In this Quantum Computing article by Michael Nielsen he argues about some of the limitations imposed by quantum measurement. In particular how the amplitude $\alpha$ of a single qubit $\alpha |0> + \beta |1>$ cannot be measured.
One reason this is important is because it means you can’t store an infinite amount of classical information in a qubit. After all, $\alpha$ is a complex number, and you could imagine storing lots of classical bits in the binary expansion of the real component of $\alpha$. If there was some experimental way you could measure the value of $\alpha$ exactly, then you could extract that classical information. But without a way of measuring $\alpha$ that’s not possible.
I am somewhat confused regarding the point being made. I assume the idea is that a classical bit can only transmit 1 bit of information, and the measurement of a qbit (a single physical system) can only result in one bit of information after the measurement (measurement outcome of "0" or "1" in the computational basis).
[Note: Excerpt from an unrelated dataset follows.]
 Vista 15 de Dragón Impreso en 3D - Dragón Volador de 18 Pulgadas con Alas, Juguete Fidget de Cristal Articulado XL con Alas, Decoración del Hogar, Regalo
However, I don't see anything quantum about it. Could you not send an infinite amount of information in a single classical physical system? For example: Send light with frequency f
such that the binary expansion of f has an infinite amout of bits
. So for example, classically, you might send light with f=3.14159265359... Hz having infinitely many digits. Or a small piece of metal measuring d=2.1828.... m cut with infinite precision.
Is the point that the quantum nature of matter limits the amount of information vs. the classical nature of matter which imposes no limits?